Sub-String Search
Algorithm | time complexity (worst) | time complexity (typical) | extra space | backup in place | notes |
---|---|---|---|---|---|
brute force | MN | 1.1N | 1 | yes | simple and effective |
K-M-P | 2N | 1.1N | MR | no | other versions trade off worst time performance with space |
Boyer-Moore | MN | N/M | R | yes | can further optimize |
Rabin-Karp | 7N | 7N | 1 | no | Monte Carlo, tiny chance of incorrect |
Regular Expression | MN | ? | M | yes | M is the length of regular expression |
We have studied how to search a key in a collection of keys, for example, searching a string in a collection of strings. In order to search, we need to repeatedly compare 2 keys, for example compare 2 Strings. However, we haven't studied how to search a string in one super long string.

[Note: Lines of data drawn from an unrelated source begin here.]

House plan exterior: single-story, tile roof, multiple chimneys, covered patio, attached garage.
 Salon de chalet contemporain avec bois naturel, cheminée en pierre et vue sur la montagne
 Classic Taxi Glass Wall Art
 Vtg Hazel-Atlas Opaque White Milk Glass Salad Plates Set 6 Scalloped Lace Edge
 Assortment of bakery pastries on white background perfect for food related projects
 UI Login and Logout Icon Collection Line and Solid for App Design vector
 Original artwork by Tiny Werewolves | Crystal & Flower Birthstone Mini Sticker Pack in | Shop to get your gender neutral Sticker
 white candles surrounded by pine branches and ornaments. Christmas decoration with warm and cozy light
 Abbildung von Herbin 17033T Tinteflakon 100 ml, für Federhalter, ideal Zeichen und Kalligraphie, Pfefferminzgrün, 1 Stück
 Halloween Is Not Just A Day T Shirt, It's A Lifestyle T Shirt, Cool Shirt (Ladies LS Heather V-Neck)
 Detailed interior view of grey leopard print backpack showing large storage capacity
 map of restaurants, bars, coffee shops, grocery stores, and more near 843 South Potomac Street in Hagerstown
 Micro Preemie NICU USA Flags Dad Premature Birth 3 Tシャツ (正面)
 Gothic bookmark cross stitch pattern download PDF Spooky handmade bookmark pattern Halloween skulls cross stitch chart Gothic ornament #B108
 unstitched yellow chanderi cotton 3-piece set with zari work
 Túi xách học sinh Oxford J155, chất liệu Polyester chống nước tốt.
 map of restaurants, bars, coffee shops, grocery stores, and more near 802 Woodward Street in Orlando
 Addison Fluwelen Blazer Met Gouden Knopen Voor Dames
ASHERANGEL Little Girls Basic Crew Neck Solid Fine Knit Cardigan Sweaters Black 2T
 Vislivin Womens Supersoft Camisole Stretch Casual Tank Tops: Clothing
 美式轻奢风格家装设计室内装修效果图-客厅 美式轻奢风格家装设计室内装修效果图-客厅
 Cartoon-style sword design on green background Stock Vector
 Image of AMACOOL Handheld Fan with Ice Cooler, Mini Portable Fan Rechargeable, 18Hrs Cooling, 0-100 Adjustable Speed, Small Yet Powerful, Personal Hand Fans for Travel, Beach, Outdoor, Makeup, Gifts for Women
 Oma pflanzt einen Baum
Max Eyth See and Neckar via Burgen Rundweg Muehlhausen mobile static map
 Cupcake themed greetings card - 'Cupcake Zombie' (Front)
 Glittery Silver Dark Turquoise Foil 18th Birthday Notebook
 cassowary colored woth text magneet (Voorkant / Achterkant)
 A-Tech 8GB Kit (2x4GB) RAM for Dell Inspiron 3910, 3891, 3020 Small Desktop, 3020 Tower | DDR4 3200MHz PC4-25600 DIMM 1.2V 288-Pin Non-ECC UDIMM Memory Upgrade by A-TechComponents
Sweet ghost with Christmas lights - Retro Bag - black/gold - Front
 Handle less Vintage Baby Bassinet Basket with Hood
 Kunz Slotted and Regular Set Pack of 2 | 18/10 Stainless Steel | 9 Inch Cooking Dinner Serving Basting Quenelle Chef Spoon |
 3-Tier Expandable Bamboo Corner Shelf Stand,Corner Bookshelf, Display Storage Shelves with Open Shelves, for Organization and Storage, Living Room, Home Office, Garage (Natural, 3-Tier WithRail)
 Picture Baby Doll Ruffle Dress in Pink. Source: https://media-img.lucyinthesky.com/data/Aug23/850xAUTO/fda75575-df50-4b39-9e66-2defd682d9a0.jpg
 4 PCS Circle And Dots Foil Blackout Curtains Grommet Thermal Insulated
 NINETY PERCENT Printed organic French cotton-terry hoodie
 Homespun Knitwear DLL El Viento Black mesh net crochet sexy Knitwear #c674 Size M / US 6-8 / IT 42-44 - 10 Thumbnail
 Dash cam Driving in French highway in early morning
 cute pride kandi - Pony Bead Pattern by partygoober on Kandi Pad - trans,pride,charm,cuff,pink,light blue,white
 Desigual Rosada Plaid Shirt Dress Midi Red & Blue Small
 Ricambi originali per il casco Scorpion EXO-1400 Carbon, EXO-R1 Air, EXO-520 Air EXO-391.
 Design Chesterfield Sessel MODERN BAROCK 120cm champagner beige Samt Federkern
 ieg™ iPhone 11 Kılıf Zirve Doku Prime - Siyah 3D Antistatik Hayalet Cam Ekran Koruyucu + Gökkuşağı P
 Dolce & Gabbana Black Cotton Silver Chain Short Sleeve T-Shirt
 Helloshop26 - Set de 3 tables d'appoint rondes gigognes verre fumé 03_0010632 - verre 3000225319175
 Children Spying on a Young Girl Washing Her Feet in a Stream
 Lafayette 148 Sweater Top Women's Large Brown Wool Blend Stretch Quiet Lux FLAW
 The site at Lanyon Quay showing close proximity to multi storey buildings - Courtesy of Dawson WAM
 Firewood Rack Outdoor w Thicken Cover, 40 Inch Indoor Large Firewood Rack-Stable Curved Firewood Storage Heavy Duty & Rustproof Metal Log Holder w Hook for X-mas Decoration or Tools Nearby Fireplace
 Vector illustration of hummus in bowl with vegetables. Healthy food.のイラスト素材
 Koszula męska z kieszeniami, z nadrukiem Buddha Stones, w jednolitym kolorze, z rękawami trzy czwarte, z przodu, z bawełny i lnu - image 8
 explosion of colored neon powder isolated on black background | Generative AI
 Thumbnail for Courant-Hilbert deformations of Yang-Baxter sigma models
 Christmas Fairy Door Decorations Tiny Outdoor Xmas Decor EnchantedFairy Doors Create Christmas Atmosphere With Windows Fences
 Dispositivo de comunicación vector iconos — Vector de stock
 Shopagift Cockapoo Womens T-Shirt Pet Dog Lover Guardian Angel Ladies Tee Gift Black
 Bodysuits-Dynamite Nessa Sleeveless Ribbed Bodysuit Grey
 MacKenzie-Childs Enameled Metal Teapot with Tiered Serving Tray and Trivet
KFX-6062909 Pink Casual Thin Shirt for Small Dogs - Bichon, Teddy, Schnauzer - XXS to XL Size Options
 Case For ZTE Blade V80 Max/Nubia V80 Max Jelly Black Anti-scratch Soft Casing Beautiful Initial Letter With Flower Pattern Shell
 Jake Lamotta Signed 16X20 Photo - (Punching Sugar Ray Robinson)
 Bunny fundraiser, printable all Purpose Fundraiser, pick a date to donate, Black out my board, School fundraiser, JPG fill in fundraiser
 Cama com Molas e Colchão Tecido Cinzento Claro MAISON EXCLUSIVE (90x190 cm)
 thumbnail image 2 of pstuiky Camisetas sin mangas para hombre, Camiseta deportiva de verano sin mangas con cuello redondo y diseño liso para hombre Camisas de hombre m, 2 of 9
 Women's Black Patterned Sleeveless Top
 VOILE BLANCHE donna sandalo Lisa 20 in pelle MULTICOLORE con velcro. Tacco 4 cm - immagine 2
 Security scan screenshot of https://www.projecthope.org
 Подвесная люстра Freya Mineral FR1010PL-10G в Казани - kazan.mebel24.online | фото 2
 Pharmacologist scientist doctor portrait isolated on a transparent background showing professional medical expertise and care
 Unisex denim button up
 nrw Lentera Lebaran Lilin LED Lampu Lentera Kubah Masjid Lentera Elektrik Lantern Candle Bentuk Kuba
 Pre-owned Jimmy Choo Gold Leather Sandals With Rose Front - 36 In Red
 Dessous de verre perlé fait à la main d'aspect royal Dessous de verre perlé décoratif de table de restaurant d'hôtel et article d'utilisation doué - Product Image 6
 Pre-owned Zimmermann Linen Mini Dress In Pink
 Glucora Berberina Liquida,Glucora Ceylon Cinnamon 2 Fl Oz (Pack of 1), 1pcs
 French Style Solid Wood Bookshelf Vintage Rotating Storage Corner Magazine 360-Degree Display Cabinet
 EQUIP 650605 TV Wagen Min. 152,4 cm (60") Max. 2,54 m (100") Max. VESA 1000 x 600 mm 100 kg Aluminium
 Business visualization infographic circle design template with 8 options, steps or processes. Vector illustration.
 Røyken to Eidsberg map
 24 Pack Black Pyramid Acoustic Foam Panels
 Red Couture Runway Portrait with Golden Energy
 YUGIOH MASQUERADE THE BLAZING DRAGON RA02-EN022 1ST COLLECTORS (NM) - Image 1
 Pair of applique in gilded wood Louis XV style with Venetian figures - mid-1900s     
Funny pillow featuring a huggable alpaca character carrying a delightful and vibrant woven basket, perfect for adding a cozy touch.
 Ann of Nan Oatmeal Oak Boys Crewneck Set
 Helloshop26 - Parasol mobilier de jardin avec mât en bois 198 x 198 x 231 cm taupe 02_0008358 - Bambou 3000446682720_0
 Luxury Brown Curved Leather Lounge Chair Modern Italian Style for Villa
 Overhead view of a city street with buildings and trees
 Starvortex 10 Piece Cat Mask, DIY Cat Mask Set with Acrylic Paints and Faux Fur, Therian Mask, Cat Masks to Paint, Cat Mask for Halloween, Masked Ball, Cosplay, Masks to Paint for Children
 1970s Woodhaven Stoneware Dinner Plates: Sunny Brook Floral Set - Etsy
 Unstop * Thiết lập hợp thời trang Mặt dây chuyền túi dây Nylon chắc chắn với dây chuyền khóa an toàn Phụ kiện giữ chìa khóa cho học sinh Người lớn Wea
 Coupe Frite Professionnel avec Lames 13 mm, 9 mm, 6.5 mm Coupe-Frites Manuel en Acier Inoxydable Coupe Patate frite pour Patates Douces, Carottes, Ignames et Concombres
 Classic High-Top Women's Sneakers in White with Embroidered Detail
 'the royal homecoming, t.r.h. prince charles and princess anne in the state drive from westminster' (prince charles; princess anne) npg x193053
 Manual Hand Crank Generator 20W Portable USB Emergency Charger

Since string is the carrier of almost all modern informations (DNA for example), this simple operation is so common and so important, that mankind never stops searching for better way of doing it.
If the message we need to search is explicit, the cost is typically 1.1N, a little bit more than reading through the the book of N characters. The best we can do is skippy read and find the answer in N/M. If the message we need to search is a riddle, the typical cost is uncertain, the cost is at most MN, we exhaust all possible meaning of M and check if N can match.
The primitive brute force algorithm is very cost effective in most cases, but we can push the limit with cleverly designed DFAs and NFAs.